__Exercise__:
Below are some records; quote exactly the lines from the one that contains "Single Family Residence" through the one that contains "Used 2024 Buick", inclusive, and no others.
--- Entries supplied Enclosed Below ---
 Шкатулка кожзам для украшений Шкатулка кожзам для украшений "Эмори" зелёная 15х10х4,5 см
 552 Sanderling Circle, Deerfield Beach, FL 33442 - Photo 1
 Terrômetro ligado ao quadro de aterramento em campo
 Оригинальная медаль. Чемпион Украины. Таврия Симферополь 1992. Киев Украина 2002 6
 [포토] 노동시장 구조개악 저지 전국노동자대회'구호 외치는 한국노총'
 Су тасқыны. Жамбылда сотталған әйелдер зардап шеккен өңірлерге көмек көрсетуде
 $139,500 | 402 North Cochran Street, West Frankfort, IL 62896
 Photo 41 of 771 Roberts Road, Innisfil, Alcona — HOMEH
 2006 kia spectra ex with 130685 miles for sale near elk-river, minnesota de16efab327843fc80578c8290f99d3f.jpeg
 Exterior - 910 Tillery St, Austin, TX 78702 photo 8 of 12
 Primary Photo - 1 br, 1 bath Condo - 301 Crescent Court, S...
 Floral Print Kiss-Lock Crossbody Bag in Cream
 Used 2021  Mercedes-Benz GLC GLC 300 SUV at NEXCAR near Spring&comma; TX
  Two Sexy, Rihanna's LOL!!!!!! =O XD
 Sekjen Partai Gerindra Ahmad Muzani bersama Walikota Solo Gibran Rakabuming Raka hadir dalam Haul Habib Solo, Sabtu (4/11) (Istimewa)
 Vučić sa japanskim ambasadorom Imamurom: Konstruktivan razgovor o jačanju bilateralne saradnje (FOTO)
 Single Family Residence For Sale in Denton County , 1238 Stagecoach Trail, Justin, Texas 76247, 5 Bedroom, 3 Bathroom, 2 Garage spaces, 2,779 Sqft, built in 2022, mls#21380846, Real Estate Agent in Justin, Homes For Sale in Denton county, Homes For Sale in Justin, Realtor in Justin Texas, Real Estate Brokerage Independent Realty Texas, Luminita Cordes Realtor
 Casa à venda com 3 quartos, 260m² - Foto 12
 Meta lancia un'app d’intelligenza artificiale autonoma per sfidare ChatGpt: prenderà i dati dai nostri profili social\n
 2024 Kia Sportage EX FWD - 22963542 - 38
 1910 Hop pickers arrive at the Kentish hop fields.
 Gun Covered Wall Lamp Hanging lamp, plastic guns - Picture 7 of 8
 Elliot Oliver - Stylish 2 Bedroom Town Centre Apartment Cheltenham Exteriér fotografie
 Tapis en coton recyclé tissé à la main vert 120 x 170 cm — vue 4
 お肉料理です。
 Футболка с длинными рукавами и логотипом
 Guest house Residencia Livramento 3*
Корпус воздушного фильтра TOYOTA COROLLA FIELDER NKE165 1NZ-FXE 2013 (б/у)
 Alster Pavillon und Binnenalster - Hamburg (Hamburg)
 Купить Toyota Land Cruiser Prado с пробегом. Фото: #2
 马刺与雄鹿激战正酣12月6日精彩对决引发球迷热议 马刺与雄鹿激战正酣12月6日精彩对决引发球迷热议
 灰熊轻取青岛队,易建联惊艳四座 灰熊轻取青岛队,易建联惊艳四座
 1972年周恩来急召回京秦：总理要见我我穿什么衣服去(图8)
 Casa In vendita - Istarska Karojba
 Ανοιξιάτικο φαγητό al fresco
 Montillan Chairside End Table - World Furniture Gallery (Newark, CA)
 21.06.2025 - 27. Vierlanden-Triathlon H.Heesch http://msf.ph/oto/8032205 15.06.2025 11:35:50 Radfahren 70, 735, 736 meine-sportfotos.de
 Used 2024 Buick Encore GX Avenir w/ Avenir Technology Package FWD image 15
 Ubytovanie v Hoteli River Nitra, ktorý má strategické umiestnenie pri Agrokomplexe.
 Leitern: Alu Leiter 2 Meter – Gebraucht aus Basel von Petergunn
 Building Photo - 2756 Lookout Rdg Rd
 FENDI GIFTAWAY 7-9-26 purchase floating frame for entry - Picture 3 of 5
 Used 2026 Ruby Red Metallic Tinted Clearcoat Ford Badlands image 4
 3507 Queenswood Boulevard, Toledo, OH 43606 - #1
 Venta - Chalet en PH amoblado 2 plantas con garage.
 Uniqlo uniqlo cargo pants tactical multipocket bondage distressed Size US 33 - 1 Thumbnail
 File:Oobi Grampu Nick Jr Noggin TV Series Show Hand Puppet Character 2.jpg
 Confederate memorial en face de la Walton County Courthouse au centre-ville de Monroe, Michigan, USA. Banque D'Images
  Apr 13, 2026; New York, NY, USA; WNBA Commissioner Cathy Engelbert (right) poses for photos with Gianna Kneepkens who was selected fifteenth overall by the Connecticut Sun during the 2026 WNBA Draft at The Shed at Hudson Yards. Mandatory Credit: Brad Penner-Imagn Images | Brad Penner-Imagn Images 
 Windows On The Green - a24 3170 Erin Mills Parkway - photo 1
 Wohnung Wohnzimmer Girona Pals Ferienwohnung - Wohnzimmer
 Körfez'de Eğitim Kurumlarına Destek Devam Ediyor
--- End of Enclosed Entries supplied ---
__Written answer__:
 Single Family Residence For Sale in Denton County , 1238 Stagecoach Trail, Justin, Texas 76247, 5 Bedroom, 3 Bathroom, 2 Garage spaces, 2,779 Sqft, built in 2022, mls#21380846, Real Estate Agent in Justin, Homes For Sale in Denton county, Homes For Sale in Justin, Realtor in Justin Texas, Real Estate Brokerage Independent Realty Texas, Luminita Cordes Realtor
 Casa à venda com 3 quartos, 260m² - Foto 12
 Meta lancia un'app d’intelligenza artificiale autonoma per sfidare ChatGpt: prenderà i dati dai nostri profili social\n
 2024 Kia Sportage EX FWD - 22963542 - 38
 1910 Hop pickers arrive at the Kentish hop fields.
 Gun Covered Wall Lamp Hanging lamp, plastic guns - Picture 7 of 8
 Elliot Oliver - Stylish 2 Bedroom Town Centre Apartment Cheltenham Exteriér fotografie
 Tapis en coton recyclé tissé à la main vert 120 x 170 cm — vue 4
 お肉料理です。
 Футболка с длинными рукавами и логотипом
 Guest house Residencia Livramento 3*
Корпус воздушного фильтра TOYOTA COROLLA FIELDER NKE165 1NZ-FXE 2013 (б/у)
 Alster Pavillon und Binnenalster - Hamburg (Hamburg)
 Купить Toyota Land Cruiser Prado с пробегом. Фото: #2
 马刺与雄鹿激战正酣12月6日精彩对决引发球迷热议 马刺与雄鹿激战正酣12月6日精彩对决引发球迷热议
 灰熊轻取青岛队,易建联惊艳四座 灰熊轻取青岛队,易建联惊艳四座
 1972年周恩来急召回京秦：总理要见我我穿什么衣服去(图8)
 Casa In vendita - Istarska Karojba
 Ανοιξιάτικο φαγητό al fresco
 Montillan Chairside End Table - World Furniture Gallery (Newark, CA)
 21.06.2025 - 27. Vierlanden-Triathlon H.Heesch http://msf.ph/oto/8032205 15.06.2025 11:35:50 Radfahren 70, 735, 736 meine-sportfotos.de
 Used 2024 Buick Encore GX Avenir w/ Avenir Technology Package FWD image 15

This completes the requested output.